This isn’t manifestly clear to lawyers who have trouble distinguishing between how they will review ESI versus how they will present it as exhibits. That’s a costly confusion.
It’s unquestionably convenient to print ESI used as exhibits to paginated formats on those occasions when a clear record is facilitated by doing so. I’ve taken hundreds of depositions, argued tons of motions and tried loads of cases. Depositions, trials and hearings haven’t changed much over my 37 years at the Bar; so, I’m no stranger to the value of embossed Bates numbers when data is printed for presentation to a witness or tribunal.
The question isn’t whether there’s a need and place for Bates numbered static forms (i.e., paper and electronic printouts), but when should conversion occur, applied to which parts of a production, and importantly, who gets to decide and at what cost (measured in money, utility and completeness)?
Native production splits the process of Bates numbering. The producing party retains the right to assign the Bates number to the file produced. The right to add page numbers belongs to the party who prints the electronic evidence for use in a proceeding. The Bates number assigned by the producing party must be embossed on every page of the printout along with the page numbers. That way, the producing party can always relate a printed item to its source file. In turn, all parties can reference the printout by Bates number and page number in the conventional way lawyers cite to exhibits in proceedings. Yes, Virginia, there really is a Bates number and pagination method for native files.

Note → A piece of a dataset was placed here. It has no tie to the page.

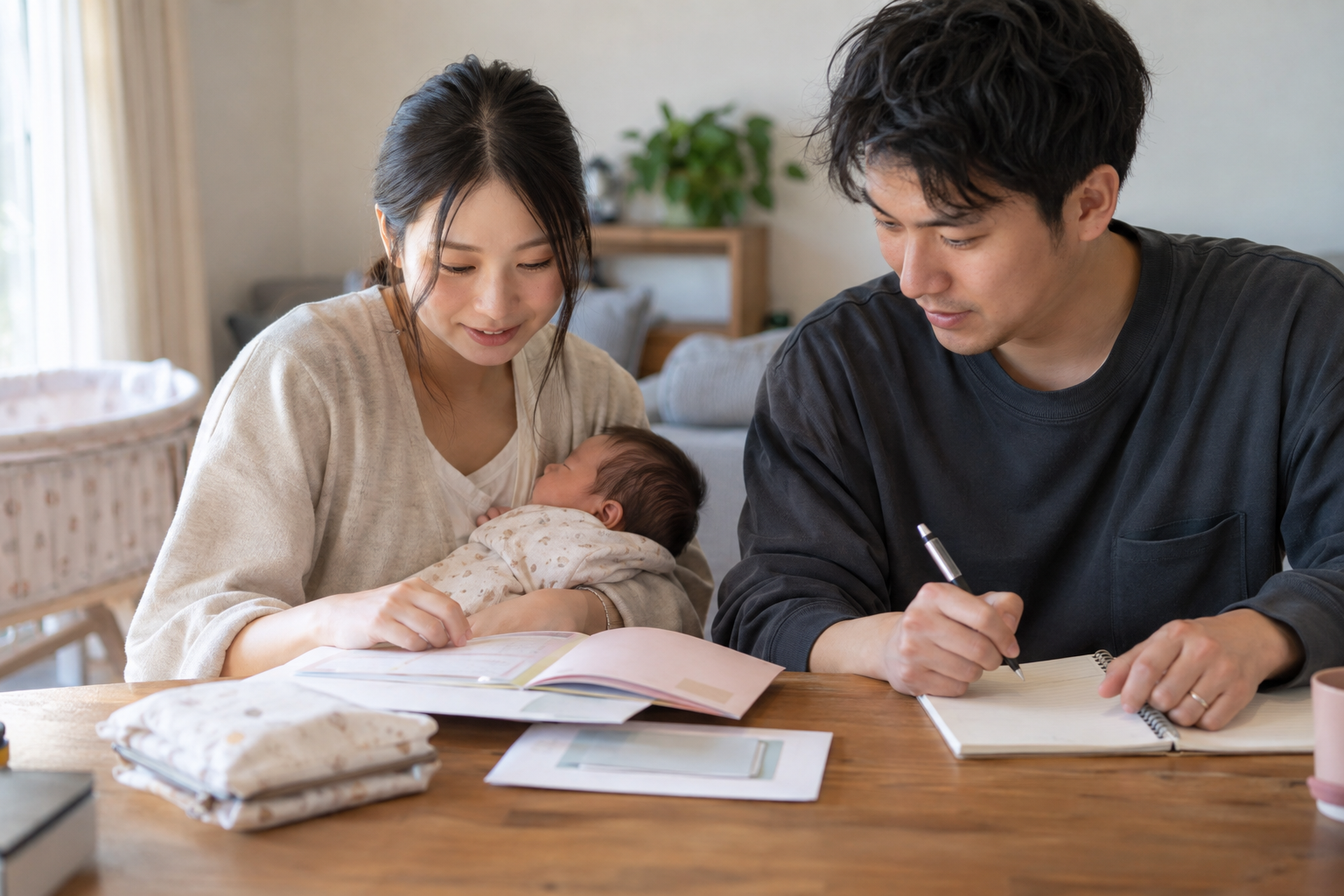 産婦健診の質問メモを準備する両親(AI生成イメージ)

You may ask, “Won’t that mean that different printouts could have different pagination? Won’t that be confusing?” It’s possible that slight variations in page breaks could occur if the same file is printed on different systems and printers. In theory, that could prompt confusion; but in practice, it’s not a problem. The record is perfectly clear with respect to any version used by a witness or presented to the Court. You can concoct a situation where it’s chaos, but the reality is that it works quite well.

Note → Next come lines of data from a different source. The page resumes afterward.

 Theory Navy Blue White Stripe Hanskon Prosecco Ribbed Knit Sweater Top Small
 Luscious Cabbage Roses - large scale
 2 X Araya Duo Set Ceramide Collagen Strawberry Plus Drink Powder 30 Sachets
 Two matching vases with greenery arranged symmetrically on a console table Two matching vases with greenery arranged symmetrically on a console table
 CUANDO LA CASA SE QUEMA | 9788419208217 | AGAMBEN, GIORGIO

The reason we never faced this presumptive confusion before e-discovery was because, if you used a document I’d produced to you in discovery, that document bore the Bates number I’d stamped on it. You were forced to use the pagination I’d assigned. You couldn’t print a version with different pagination because I hadn’t produced the electronic evidence to you; I’d produced a printout. That was convenient and acceptable back when the evidence and a printout were useful and complete in the same ways. However, ESI and printouts are not the same anymore. They aren’t useful in the same ways. They aren’t complete in the same ways. They don’t cost the same to use. Notwithstanding these differences, producing parties still claim the exclusive authority to assign pagination at the time of production. That is, they demand the power to impose the wrong form of unitization at the wrong point in the discovery process.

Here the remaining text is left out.